When a member of a family is sick, the whole family can be affected. This report examines whether having an uninsured member of the family might affect the entire family, also. More than 38 million Americans are uninsured.1 In addition to the personal consequences for those people without coverage, another nearly 20 million immediate family members who are insured may also be affected by the lack of coverage of others in the family.2,3 This report will assess the literature on the physical and psychological health consequences as well as financial effects on the entire family unit of having one or more members uninsured.

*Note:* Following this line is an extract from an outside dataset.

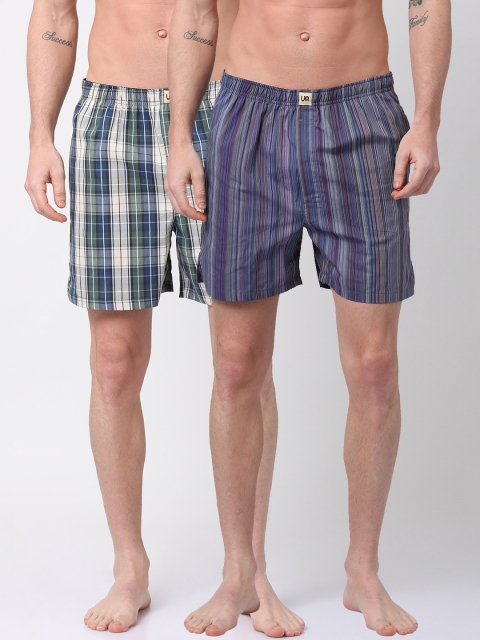 

Urban Dog Mens Pack of 2 Boxers UDBX117_UDBX126-XXL, Multi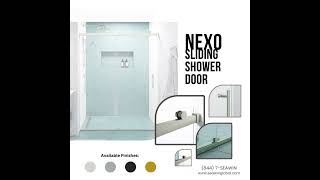 Nexo Sliding Shower Door [upl. by Meenen392]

This report of the Institute of Medicine (IOM) Committee on the Consequences of Uninsurance provides new analyses of the effects of not having health insurance within families (see Box 1.2). The Committee builds on the first report, Coverage Matters, which examines the dynamic, fragmented structure of health insurance in the United States, the causes of uninsurance, and which individuals

1  

The Committee’s earlier reports refer to roughly 40 million uninsured individuals, based on the 1999 and 2000 Current Population Surveys (CPS). The 2001 CPS was available for this report and shows a dip to 38.7 million uninsured persons (Mills, 2001).

2  

Analyses in this report are based on tabulations of the March 2001 Current Population Survey (CPS) public use file designed to aggregate data by family units conducted by Matthew Broaddus, Center on Budget and Policy Priorities.

3  

The CPS estimates those who have been uninsured for the complete year. It has been criticized for probably over-estimating that number and underestimating the number covered by Medicaid. For example, in 1996 the CPS estimate of the number of nonelderly uninsured persons was 41 million and Medical Expenditure Panel Survey estimated 32 million for that year (Lewis et al., 1998; Fronstin, 2000). For a discussion of the main national surveys including insurance status see Coverage Matters, Appendix B.